=== Begin Enclosure ===

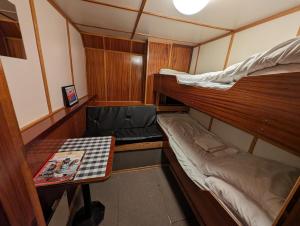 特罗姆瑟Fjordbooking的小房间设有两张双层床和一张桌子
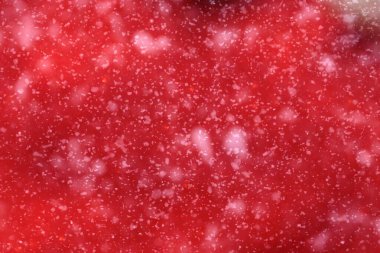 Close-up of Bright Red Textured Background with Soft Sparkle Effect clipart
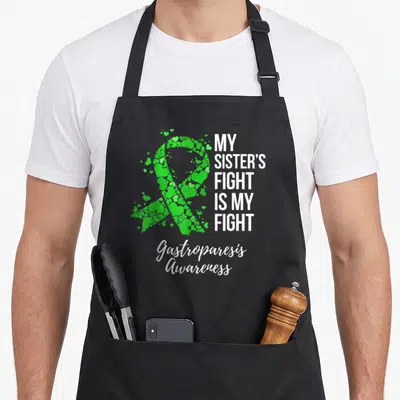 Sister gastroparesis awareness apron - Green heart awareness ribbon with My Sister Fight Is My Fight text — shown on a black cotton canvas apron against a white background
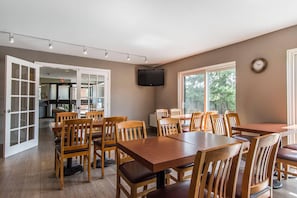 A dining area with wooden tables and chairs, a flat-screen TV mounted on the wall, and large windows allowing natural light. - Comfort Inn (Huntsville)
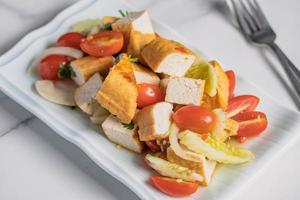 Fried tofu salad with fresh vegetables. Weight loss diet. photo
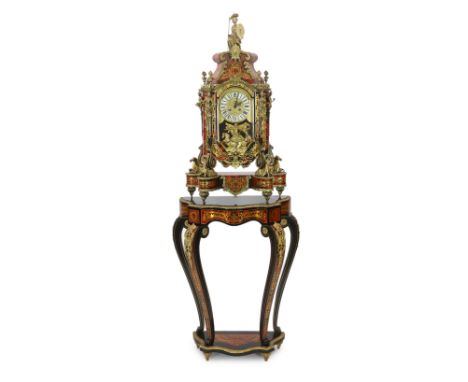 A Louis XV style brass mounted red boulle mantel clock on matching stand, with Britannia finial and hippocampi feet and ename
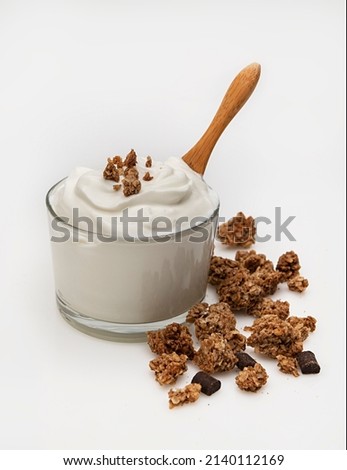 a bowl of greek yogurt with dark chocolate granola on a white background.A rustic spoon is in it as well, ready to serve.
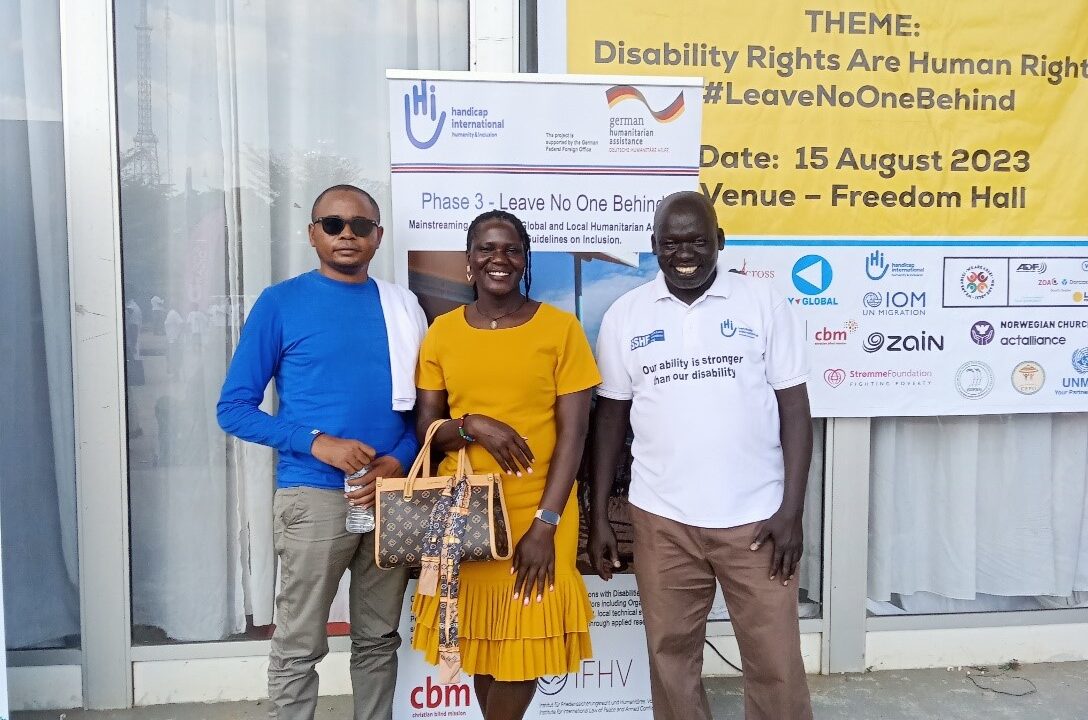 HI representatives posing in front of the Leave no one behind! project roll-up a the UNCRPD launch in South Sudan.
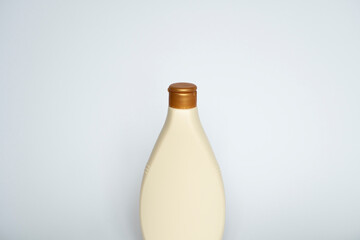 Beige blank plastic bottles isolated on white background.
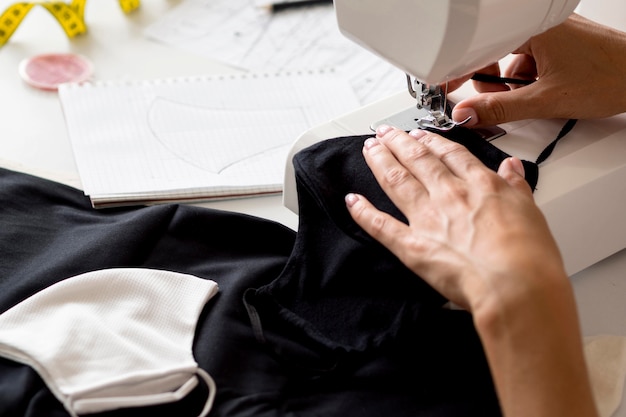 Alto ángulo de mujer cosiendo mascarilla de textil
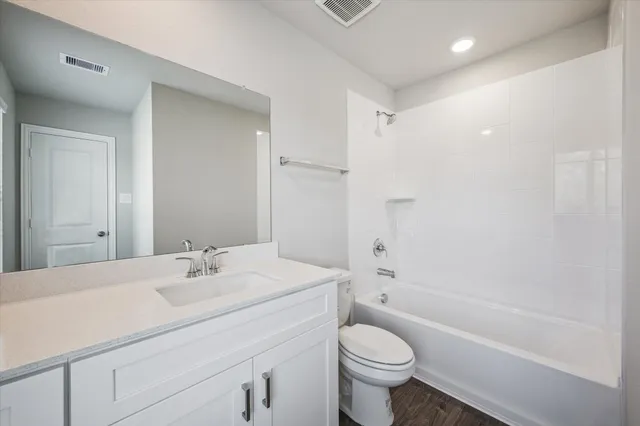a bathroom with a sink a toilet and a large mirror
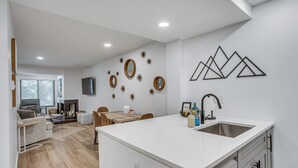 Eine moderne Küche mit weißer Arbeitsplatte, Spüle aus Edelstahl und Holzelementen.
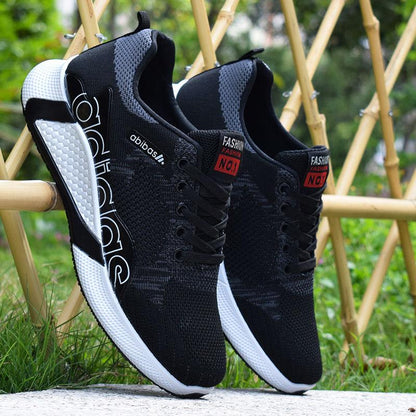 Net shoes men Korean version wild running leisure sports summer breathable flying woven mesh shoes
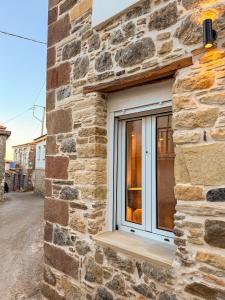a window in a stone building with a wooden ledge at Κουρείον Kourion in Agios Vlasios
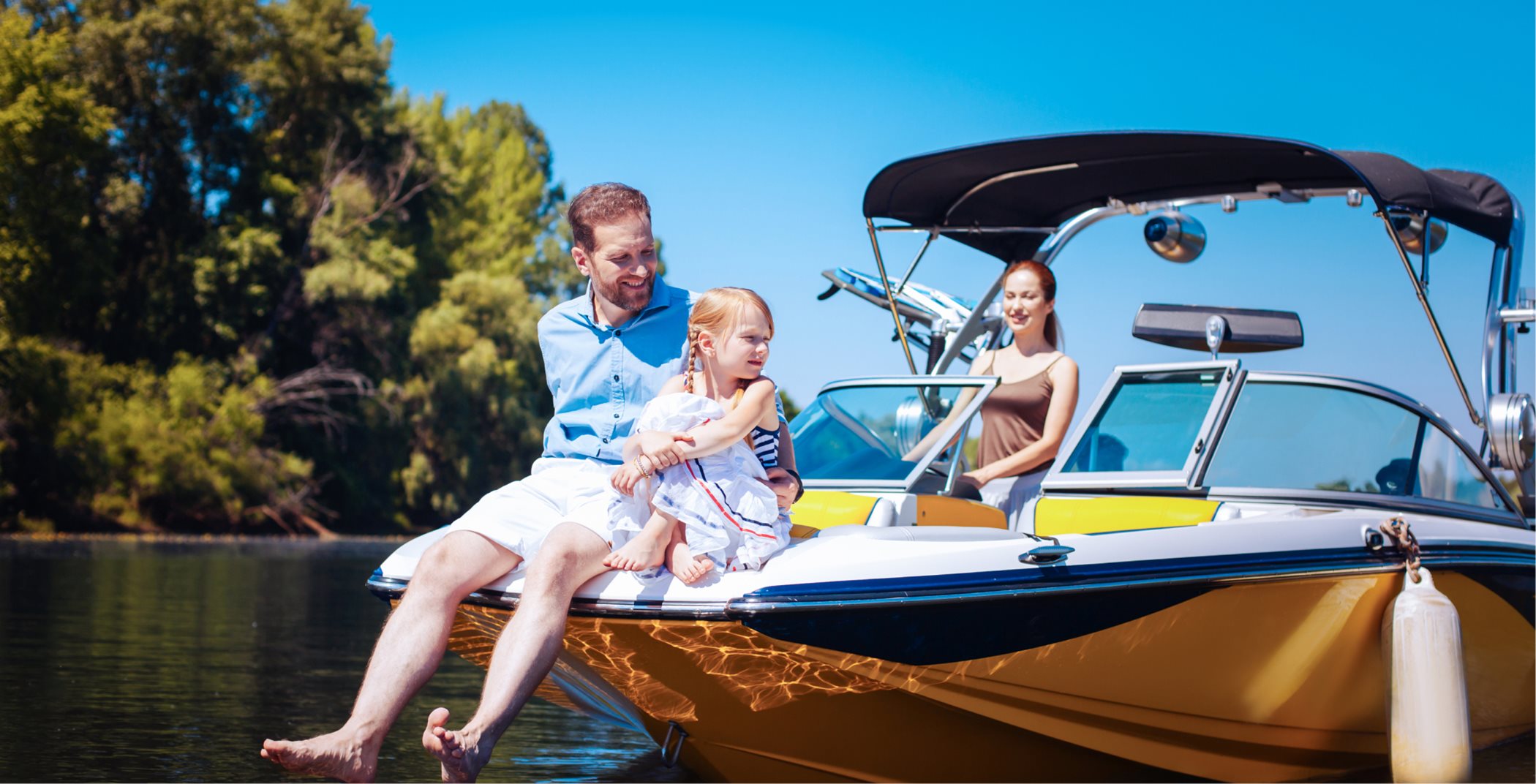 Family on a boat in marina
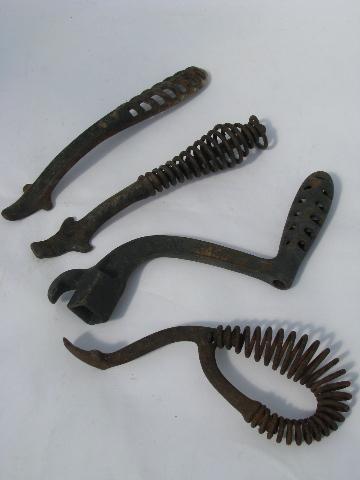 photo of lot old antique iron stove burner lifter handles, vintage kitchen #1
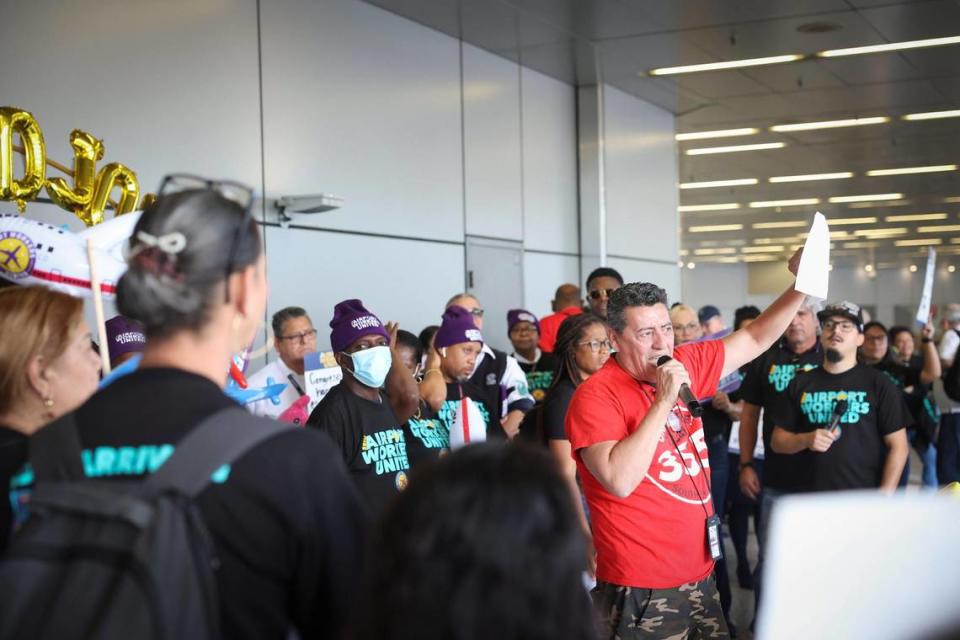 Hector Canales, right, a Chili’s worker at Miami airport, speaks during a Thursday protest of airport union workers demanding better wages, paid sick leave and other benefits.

=== End Enclosure ===

**What you have to do:** The answer should match the material exactly, with every picture removed.

**Written response:**
 特罗姆瑟Fjordbooking的小房间设有两张双层床和一张桌子
 Close-up of Bright Red Textured Background with Soft Sparkle Effect clipart
 Sister gastroparesis awareness apron - Green heart awareness ribbon with My Sister Fight Is My Fight text — shown on a black cotton canvas apron against a white background
 A dining area with wooden tables and chairs, a flat-screen TV mounted on the wall, and large windows allowing natural light. - Comfort Inn (Huntsville)
 Fried tofu salad with fresh vegetables. Weight loss diet. photo
 A Louis XV style brass mounted red boulle mantel clock on matching stand, with Britannia finial and hippocampi feet and ename
 a bowl of greek yogurt with dark chocolate granola on a white background.A rustic spoon is in it as well, ready to serve.
 HI representatives posing in front of the Leave no one behind! project roll-up a the UNCRPD launch in South Sudan.
 Beige blank plastic bottles isolated on white background.
 Alto ángulo de mujer cosiendo mascarilla de textil
a bathroom with a sink a toilet and a large mirror
 Eine moderne Küche mit weißer Arbeitsplatte, Spüle aus Edelstahl und Holzelementen.
 Net shoes men Korean version wild running leisure sports summer breathable flying woven mesh shoes
a window in a stone building with a wooden ledge at Κουρείον Kourion in Agios Vlasios
 Family on a boat in marina
 photo of lot old antique iron stove burner lifter handles, vintage kitchen #1
 Hector Canales, right, a Chili’s worker at Miami airport, speaks during a Thursday protest of airport union workers demanding better wages, paid sick leave and other benefits.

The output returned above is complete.